The island was pretty adorable, with pine forests, pebble beaches, rocky breakwaters and small bays ideal for snorkelling. I spent a lot of time swimming and snorkelling along the coast, spotting as many exotic fish as I could (whilst trying not to vomit – thank you Kavos).
Whilst there, we visited Porec’s Old Town, which was a maze of cobbled streets, restaurants and historical buildings. There are also lots of winding side streets filled with shops, art galleries and quaint courtyards. You can also opt to visit the famous Euphrasian Basilica, a UNESCO World Heritage Site. This is most integrally preserved early Christian cathedral complex in the region and unique due to the fact all the basic components, e.g. church, chapel and atrium are preserved… Pretty cool!

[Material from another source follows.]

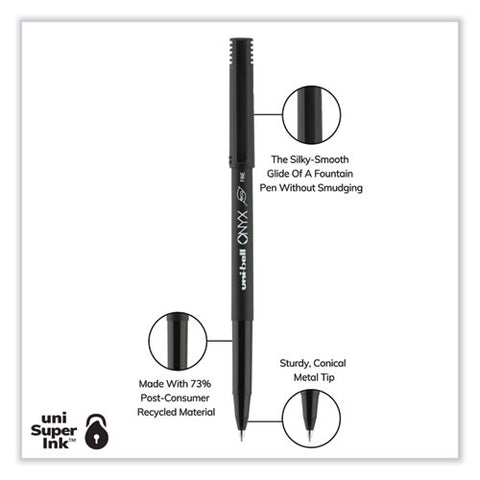 Onyx Roller Ball Pen, Stick, Fine 0.7 Mm, Black Ink, Black Barrel, 72/pack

Other options include a trip to the Bardine cave which costs around £8/ $11, or visit one (or all) of the three towers: Pentagonal, Round Tower and Northern. All were all built in the 15th century during Venetian rule to guard against a potential invasion. They are three of the original 11 Porec towers that once made up the city walls, and are now a popular tourist attraction. There’s lots more to do in Porec, including day trips, sea sports such as kayaking, and lots of local walking opportunities. You can even opt, as my parents did, to go on a day trip to Venice by ferry which takes 2 hours, 45 minutes and costs about £50/ $70 return.